### [Assigned task]
Only the lines from the one containing "2 Bed Flat, Hazelwood Close, HA2 - Photo 2" through the end of the entries are wanted, retyped exactly and without pictures.

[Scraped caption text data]
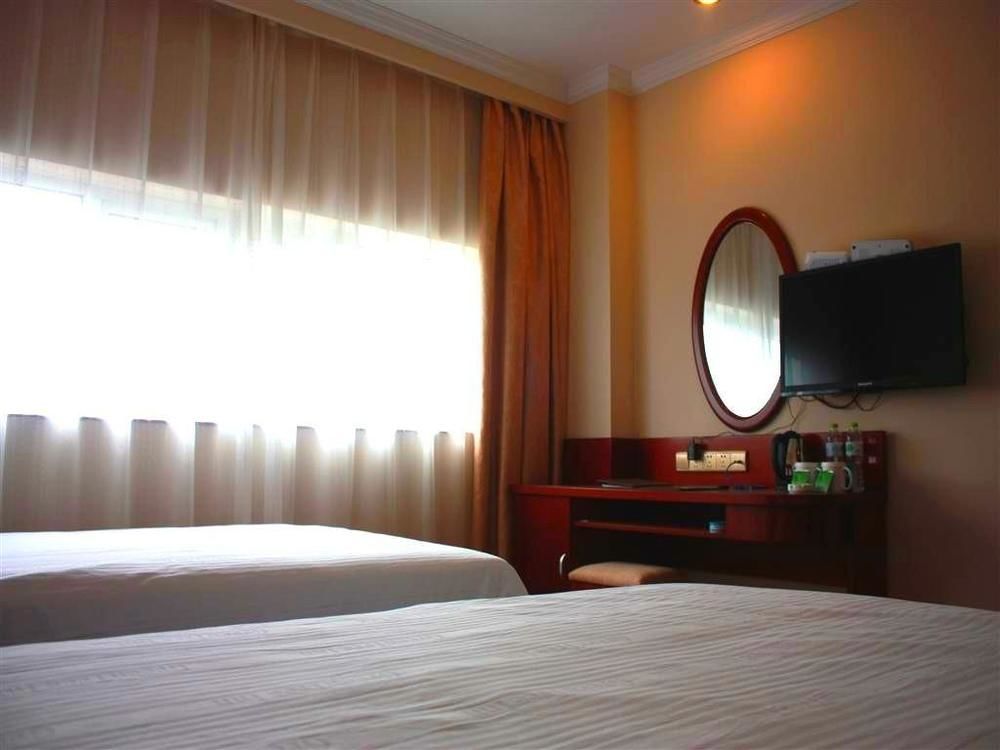Greentree Inn Shanghai Wild Zoo Dachuan Freeway Express Hotel Exterior foto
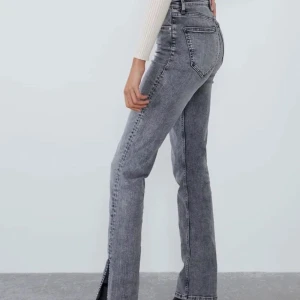 Jeans med slits - Inköpspris: 359 SEK Storlek: 38 EU Full Length (jag är 179 cm) Inga fel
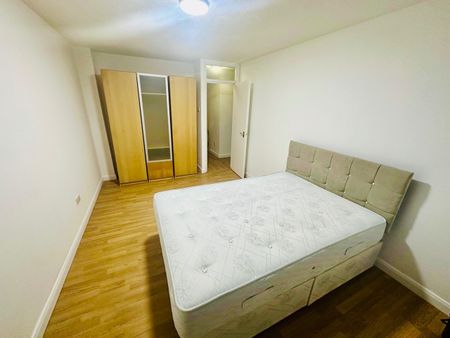 2 Bed Flat, Hazelwood Close, HA2 - Photo 2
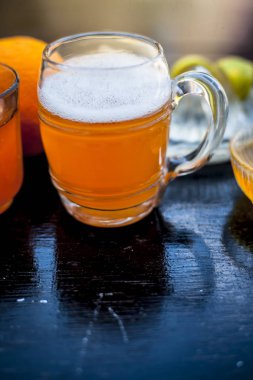 Ahşap masa üzerinde Ballı zencefilli bira yakın çekim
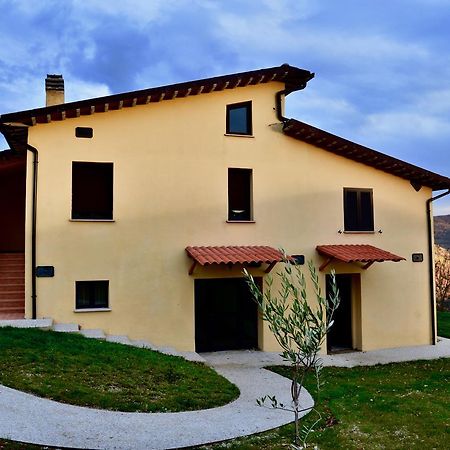 Agriturismo Il Viandante Valfabbrica Eksteriør bilde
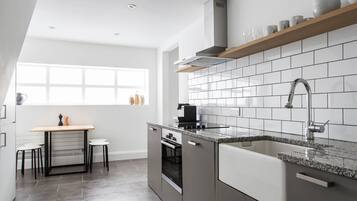 Apartment (3 Bedrooms) | Private kitchen | Microwave, oven, dishwasher, electric kettle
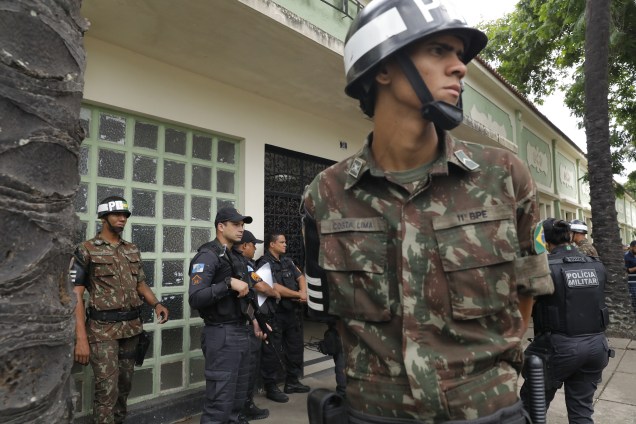 Militares fazem a segurança no lado externo da Escola Municipal Rosa da Fonseca, na Zona Oeste do Rio de Janeiro, local de votação do candidato Jair Bolsonaro do PSL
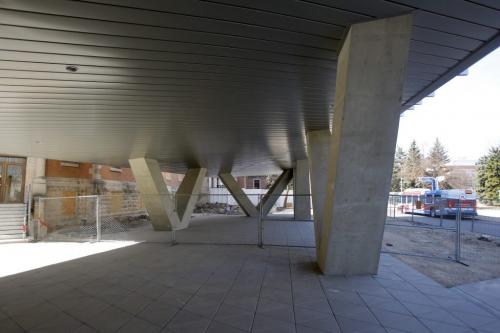 New ARTlab building at the School of Art at the University of Manitoba. Outside. April 12, 2012  BORIS MINKEVICH / WINNIPEG FREE PRESS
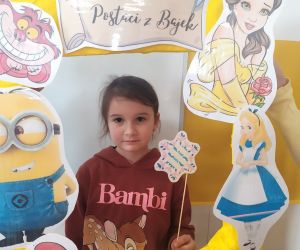 Dziewczynka w fotobudce z różdżką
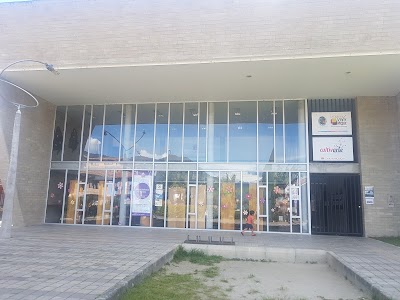 Photos of Municipal Public Library. Paradise Park Library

### [Answer box]
 2 Bed Flat, Hazelwood Close, HA2 - Photo 2
 Ahşap masa üzerinde Ballı zencefilli bira yakın çekim
 Agriturismo Il Viandante Valfabbrica Eksteriør bilde
 Apartment (3 Bedrooms) | Private kitchen | Microwave, oven, dishwasher, electric kettle
 Militares fazem a segurança no lado externo da Escola Municipal Rosa da Fonseca, na Zona Oeste do Rio de Janeiro, local de votação do candidato Jair Bolsonaro do PSL
 New ARTlab building at the School of Art at the University of Manitoba. Outside. April 12, 2012  BORIS MINKEVICH / WINNIPEG FREE PRESS
 Dziewczynka w fotobudce z różdżką
 Photos of Municipal Public Library. Paradise Park Library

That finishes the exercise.